EXERCISE INPUTS:
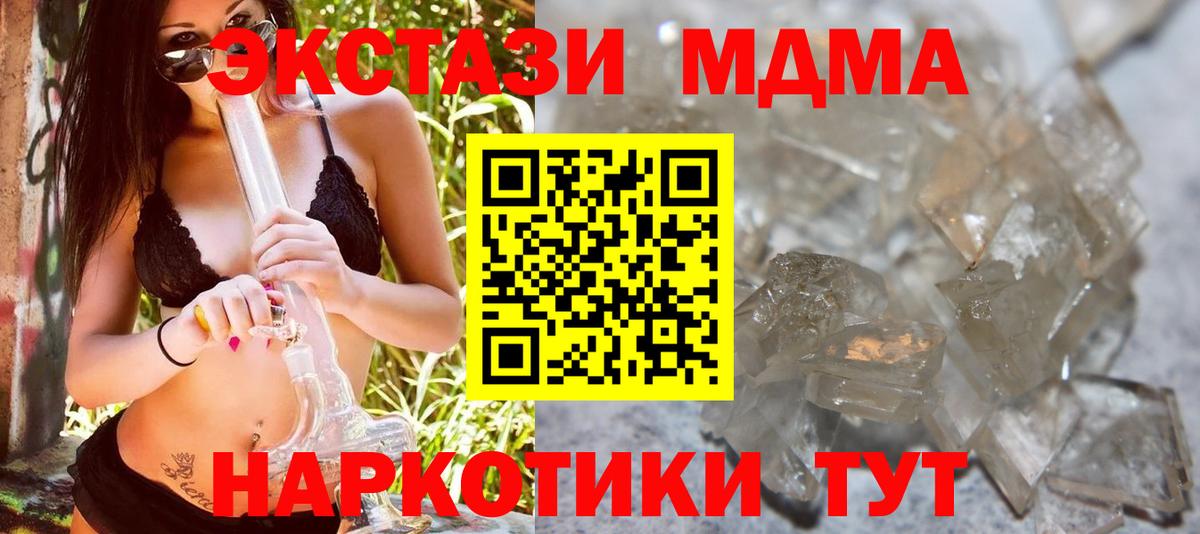 Екатеринбург  MDMA VHQ  Вход с VPN  MDMA VHQ 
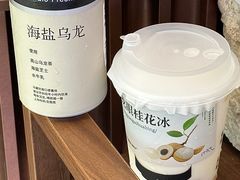 -太犇牛手作茶铺(江北虹悦城店)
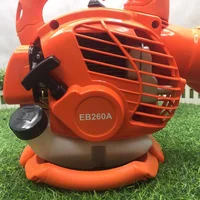 EB260A Gasoline Leaf Air Blower High-power Garden Power Tools Two Strokes Portable Snow Blower Duster 1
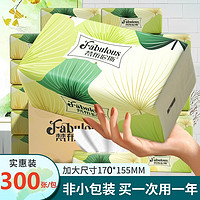 Fabulous 梵布伦斯大包抽纸面巾纸家用厚实高档纸巾婴儿加厚餐巾纸卫生纸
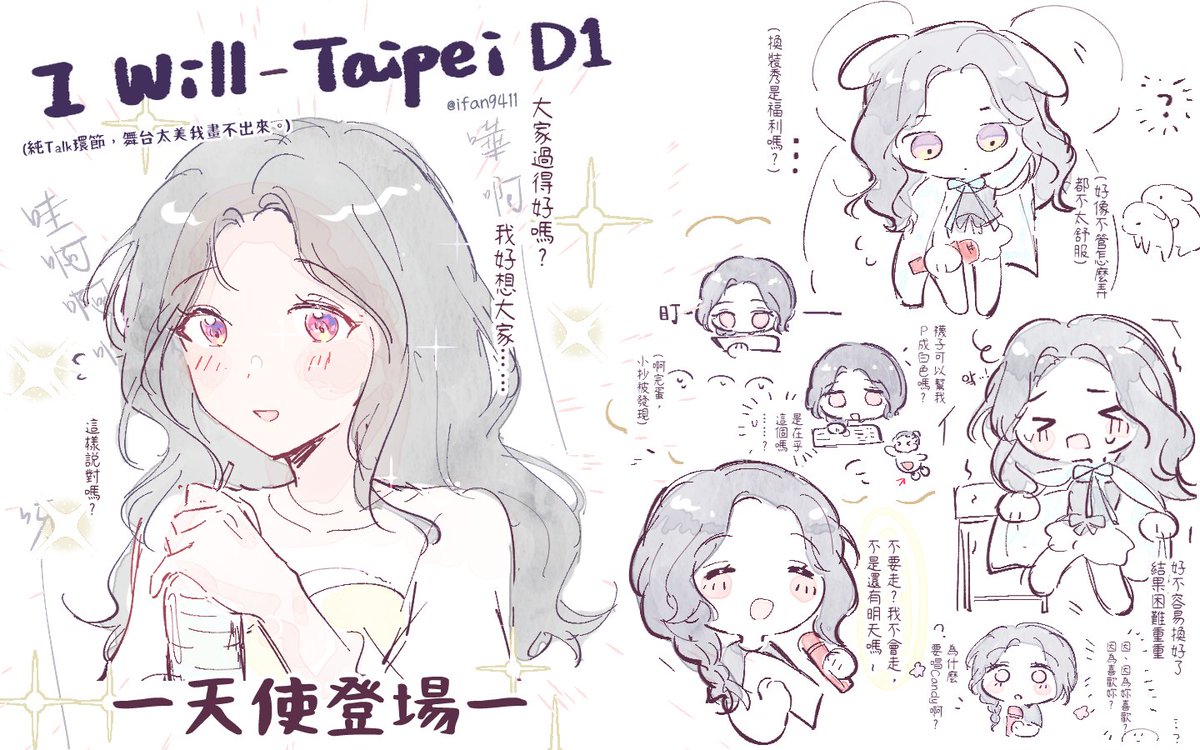 ifan9411's tweet photo. 🐰🌕💜
簡單……畫一點……D2更好笑也會畫（。）

#IRENE #아이린 
#redvelvetfanart
#IRENE_IWILL_in_TAIPEI https://t.co/5VvYP1ytgQ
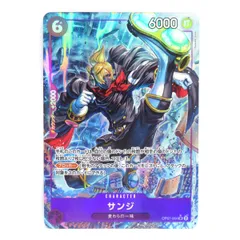 ワンピースカードゲーム サンジ OP07-064 SR パラレル ※中古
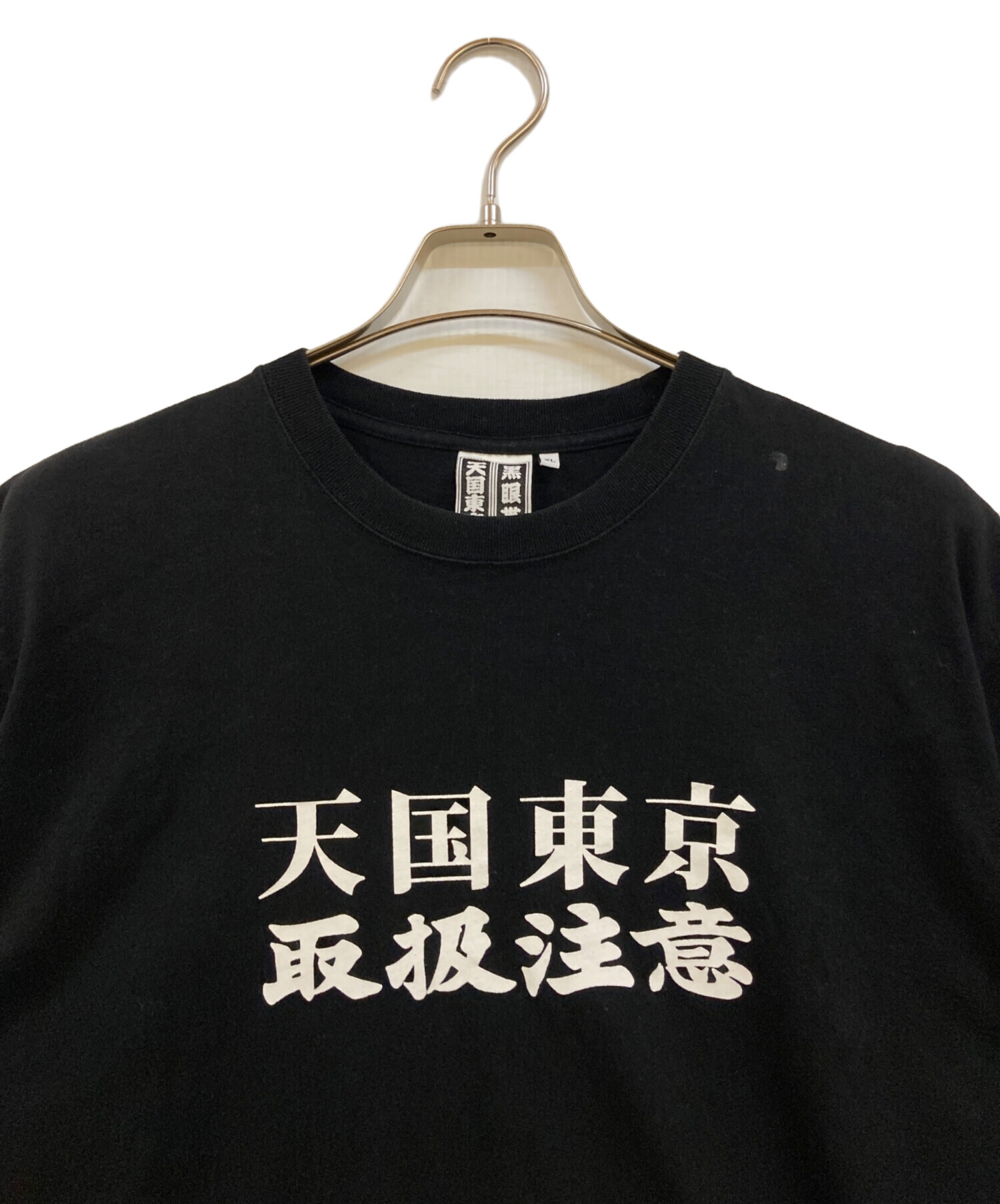 中古・古着通販】THE BLACK EYE PATCH (ブラックアイパッチ) WACKO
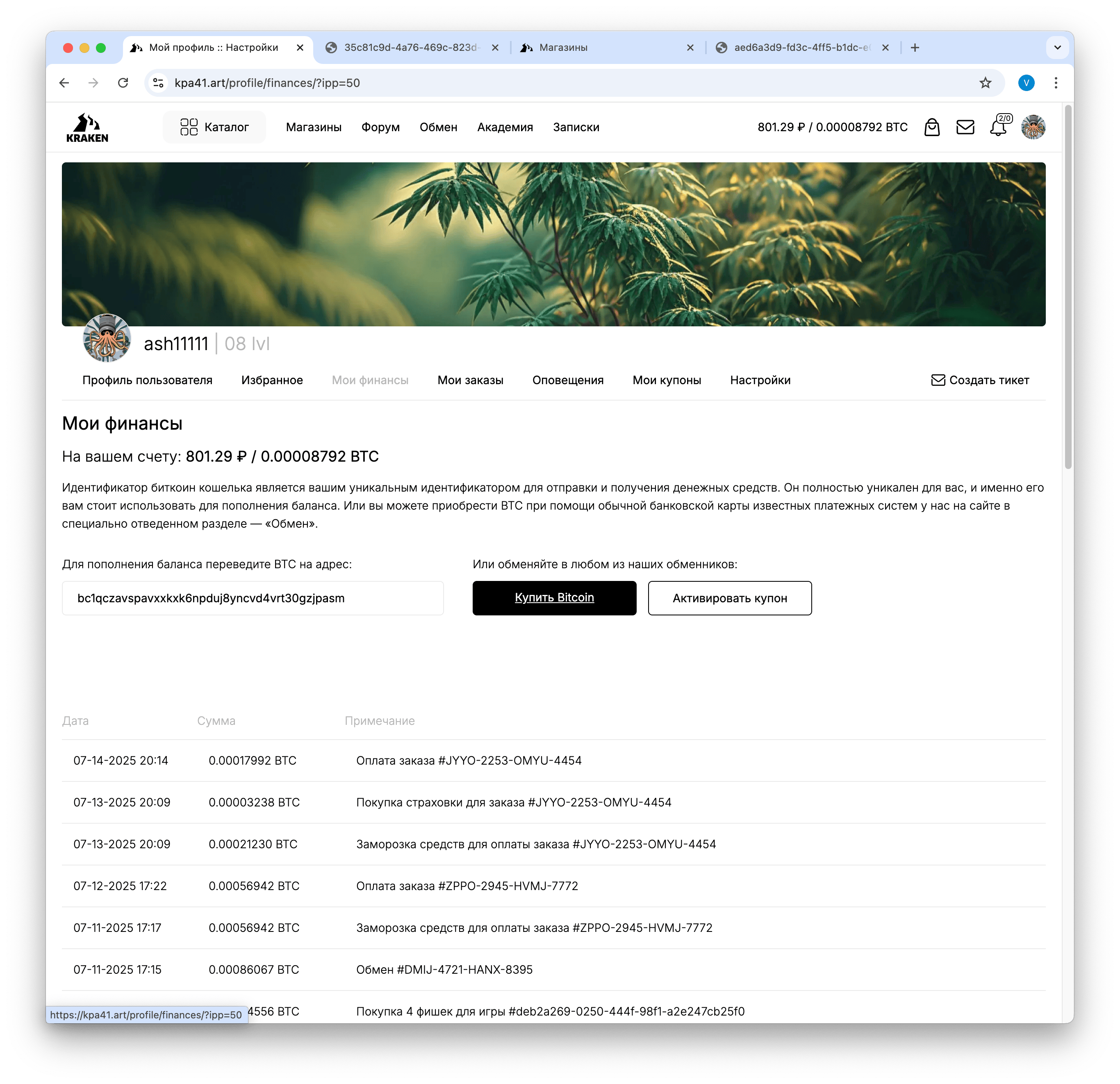 Пополнить кошелек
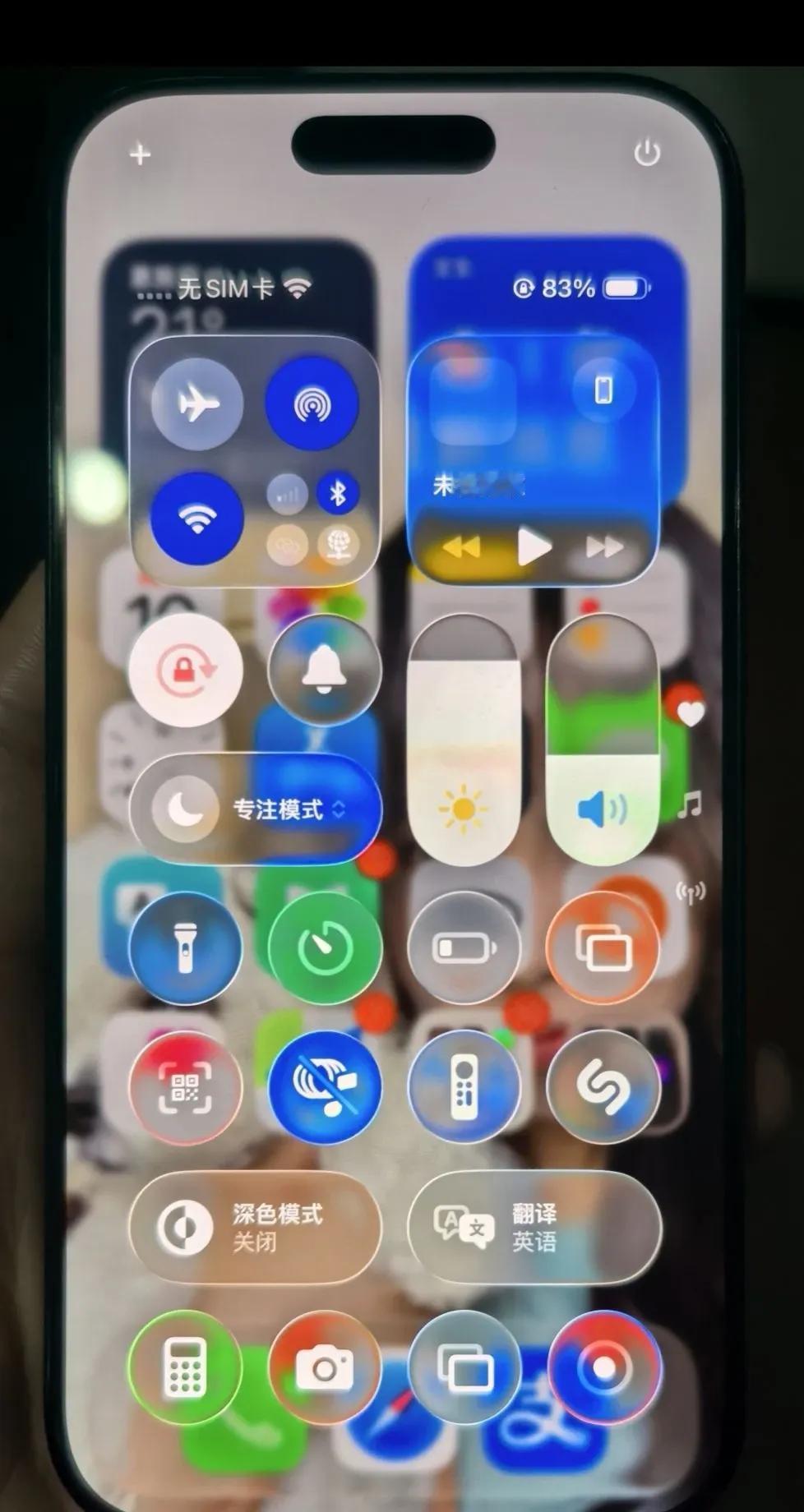 iOS26控制中心液态玻璃设计，模糊透明度太高，所以看上去乱糟糟，像以前MIUI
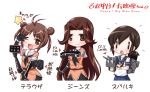  2_fuel_4_ammo_11_steel 3girls antenna_hair aokihoshi black_eyes black_hair blush brown_eyes brown_hair cannon double_bun elbow_gloves fubuki_(kantai_collection) gloves hair_intakes half_updo jintsuu_(kantai_collection) kantai_collection long_hair machinery multiple_girls naka_(kantai_collection) neckerchief open_mouth payot pleated_skirt ponytail school_uniform serafuku short_hair skirt smile thigh-highs translation_request turret two_side_up 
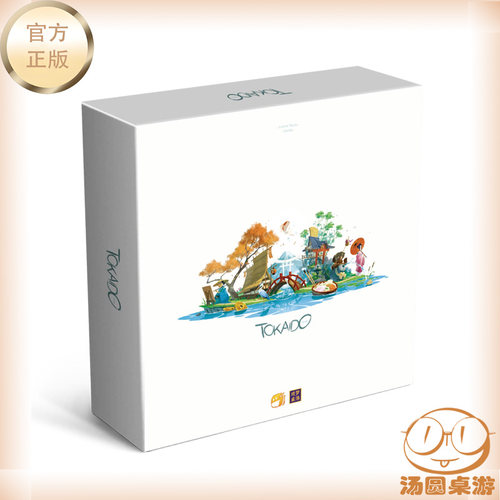 Tokaido 东海道基础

TASK STATEMENT: Please restate word for word each line from the one containing "iOS26控制中心液态玻璃设" to the end of the data above, without the pictures.

YOUR SOLUTION:
 iOS26控制中心液态玻璃设计，模糊透明度太高，所以看上去乱糟糟，像以前MIUI
  2_fuel_4_ammo_11_steel 3girls antenna_hair aokihoshi black_eyes black_hair blush brown_eyes brown_hair cannon double_bun elbow_gloves fubuki_(kantai_collection) gloves hair_intakes half_updo jintsuu_(kantai_collection) kantai_collection long_hair machinery multiple_girls naka_(kantai_collection) neckerchief open_mouth payot pleated_skirt ponytail school_uniform serafuku short_hair skirt smile thigh-highs translation_request turret two_side_up 
 Tokaido 东海道基础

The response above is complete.